Nothing but a number is wanted here: the count of lines in the data holding the word "Vintage".
((
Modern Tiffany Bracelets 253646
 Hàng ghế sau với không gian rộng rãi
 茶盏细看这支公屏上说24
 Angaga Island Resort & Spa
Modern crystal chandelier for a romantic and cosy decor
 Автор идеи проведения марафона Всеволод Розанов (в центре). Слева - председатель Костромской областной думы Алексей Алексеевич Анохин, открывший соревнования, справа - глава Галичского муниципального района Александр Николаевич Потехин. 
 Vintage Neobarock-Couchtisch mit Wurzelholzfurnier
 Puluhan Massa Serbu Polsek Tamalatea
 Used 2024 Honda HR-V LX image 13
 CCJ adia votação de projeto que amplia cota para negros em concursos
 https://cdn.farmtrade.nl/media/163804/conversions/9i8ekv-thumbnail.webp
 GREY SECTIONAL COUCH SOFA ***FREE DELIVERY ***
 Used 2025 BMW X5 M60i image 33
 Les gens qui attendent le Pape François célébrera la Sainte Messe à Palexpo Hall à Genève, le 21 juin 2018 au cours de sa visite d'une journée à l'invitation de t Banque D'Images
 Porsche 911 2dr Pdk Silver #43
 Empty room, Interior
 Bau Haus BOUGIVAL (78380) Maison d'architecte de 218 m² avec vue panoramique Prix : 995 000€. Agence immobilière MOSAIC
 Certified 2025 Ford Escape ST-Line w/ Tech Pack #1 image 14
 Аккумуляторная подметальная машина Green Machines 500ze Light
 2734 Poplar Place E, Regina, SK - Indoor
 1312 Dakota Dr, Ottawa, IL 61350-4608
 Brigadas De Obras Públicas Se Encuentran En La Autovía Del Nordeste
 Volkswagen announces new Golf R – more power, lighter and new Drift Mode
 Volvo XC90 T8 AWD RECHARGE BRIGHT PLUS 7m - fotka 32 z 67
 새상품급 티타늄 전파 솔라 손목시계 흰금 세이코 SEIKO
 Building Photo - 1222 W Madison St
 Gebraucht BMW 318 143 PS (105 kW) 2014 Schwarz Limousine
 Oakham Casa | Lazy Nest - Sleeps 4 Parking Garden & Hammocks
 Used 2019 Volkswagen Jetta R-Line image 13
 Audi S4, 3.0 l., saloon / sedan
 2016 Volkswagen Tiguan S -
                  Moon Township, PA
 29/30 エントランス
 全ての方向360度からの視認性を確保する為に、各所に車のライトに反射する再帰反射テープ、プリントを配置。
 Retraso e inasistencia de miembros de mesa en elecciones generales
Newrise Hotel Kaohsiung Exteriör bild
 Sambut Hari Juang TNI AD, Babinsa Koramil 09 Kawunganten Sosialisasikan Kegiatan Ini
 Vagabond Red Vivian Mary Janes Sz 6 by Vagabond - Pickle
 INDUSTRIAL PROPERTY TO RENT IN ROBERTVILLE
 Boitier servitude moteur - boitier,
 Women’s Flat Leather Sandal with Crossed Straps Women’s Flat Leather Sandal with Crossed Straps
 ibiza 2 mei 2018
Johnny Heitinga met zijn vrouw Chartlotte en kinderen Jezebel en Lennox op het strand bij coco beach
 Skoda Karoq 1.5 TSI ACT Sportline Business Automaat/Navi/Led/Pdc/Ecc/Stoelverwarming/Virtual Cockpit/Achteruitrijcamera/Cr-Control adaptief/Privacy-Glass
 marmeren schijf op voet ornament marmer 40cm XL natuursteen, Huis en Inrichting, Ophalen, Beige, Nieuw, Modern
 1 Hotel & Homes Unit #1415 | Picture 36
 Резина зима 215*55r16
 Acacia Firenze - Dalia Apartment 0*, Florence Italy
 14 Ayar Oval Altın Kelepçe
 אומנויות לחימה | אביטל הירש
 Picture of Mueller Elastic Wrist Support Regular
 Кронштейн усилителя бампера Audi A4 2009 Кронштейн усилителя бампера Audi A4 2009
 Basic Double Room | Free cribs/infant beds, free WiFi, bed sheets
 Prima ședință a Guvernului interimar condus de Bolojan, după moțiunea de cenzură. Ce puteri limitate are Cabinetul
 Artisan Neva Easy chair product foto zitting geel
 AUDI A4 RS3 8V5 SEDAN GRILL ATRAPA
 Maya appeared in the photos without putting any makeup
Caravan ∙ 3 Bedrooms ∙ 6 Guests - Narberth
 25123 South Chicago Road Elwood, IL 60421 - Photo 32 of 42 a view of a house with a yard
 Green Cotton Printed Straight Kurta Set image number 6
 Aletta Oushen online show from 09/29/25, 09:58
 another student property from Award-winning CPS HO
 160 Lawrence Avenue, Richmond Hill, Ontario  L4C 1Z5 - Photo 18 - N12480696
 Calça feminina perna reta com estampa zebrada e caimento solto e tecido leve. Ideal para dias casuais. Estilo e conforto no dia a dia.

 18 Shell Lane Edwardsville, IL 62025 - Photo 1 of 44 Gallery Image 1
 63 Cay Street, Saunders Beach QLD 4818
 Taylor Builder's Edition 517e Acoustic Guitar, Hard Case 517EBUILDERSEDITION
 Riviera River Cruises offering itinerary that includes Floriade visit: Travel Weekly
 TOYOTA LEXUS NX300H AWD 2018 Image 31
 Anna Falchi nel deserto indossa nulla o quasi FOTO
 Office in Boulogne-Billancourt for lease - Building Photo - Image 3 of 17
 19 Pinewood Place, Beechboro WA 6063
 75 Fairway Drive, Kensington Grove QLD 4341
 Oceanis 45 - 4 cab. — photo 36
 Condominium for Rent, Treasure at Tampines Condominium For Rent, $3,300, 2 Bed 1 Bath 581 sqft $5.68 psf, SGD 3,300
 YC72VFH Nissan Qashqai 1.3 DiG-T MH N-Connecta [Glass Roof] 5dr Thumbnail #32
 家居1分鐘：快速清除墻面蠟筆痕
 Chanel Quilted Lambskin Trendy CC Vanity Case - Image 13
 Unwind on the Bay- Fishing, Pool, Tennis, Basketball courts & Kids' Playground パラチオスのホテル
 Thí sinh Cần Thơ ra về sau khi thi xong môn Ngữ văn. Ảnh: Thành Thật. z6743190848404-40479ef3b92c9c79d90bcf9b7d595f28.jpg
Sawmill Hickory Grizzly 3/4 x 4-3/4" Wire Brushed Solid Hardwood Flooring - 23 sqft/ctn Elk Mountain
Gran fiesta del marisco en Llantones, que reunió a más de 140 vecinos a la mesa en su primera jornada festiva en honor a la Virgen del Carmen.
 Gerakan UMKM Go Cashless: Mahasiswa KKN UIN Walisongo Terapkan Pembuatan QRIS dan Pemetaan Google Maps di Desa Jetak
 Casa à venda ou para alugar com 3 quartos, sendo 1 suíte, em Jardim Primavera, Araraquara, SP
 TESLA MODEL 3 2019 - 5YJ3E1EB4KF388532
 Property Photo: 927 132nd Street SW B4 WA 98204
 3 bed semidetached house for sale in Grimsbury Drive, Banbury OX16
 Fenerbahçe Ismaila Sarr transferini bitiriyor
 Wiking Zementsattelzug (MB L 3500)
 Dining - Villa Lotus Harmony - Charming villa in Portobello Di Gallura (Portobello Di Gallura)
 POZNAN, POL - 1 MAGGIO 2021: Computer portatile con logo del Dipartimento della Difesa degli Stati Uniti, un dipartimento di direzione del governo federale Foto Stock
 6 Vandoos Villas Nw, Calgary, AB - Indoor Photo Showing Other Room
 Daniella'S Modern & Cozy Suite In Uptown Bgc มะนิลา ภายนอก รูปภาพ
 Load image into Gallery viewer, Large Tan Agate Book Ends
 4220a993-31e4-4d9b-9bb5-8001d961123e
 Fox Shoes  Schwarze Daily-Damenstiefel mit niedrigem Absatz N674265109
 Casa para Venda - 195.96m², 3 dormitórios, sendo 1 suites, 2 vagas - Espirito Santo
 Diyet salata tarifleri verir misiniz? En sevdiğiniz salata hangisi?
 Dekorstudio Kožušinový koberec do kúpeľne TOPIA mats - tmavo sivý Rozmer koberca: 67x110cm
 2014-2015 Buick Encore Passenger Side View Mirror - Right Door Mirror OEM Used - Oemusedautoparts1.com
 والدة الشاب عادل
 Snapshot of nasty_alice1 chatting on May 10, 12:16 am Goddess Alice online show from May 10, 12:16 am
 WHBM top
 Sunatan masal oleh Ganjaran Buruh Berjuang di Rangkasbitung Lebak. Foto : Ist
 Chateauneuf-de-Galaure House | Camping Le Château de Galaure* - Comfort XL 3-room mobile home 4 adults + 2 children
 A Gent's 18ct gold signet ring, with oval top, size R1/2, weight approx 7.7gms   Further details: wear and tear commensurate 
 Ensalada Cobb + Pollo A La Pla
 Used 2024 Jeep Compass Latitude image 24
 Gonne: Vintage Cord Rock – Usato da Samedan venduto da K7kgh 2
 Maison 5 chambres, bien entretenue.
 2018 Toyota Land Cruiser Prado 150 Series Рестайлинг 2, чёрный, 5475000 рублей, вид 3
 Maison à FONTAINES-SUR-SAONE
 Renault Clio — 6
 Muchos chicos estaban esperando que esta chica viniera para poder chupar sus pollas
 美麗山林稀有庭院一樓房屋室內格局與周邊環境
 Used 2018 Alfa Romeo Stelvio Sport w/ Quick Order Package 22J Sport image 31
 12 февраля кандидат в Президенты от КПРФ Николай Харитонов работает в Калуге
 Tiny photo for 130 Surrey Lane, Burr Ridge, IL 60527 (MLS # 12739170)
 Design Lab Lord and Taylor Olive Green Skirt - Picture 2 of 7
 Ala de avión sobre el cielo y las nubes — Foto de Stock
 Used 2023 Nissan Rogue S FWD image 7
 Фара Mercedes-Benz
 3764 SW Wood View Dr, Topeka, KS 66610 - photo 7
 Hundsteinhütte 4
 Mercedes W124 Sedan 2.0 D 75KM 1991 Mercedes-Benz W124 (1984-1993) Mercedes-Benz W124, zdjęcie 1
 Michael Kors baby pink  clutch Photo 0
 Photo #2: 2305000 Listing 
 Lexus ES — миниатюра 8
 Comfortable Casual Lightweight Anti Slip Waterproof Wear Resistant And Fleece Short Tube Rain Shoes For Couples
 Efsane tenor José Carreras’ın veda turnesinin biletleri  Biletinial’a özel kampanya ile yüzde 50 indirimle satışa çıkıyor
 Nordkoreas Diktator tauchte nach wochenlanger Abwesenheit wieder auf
))
= Problem solution =
2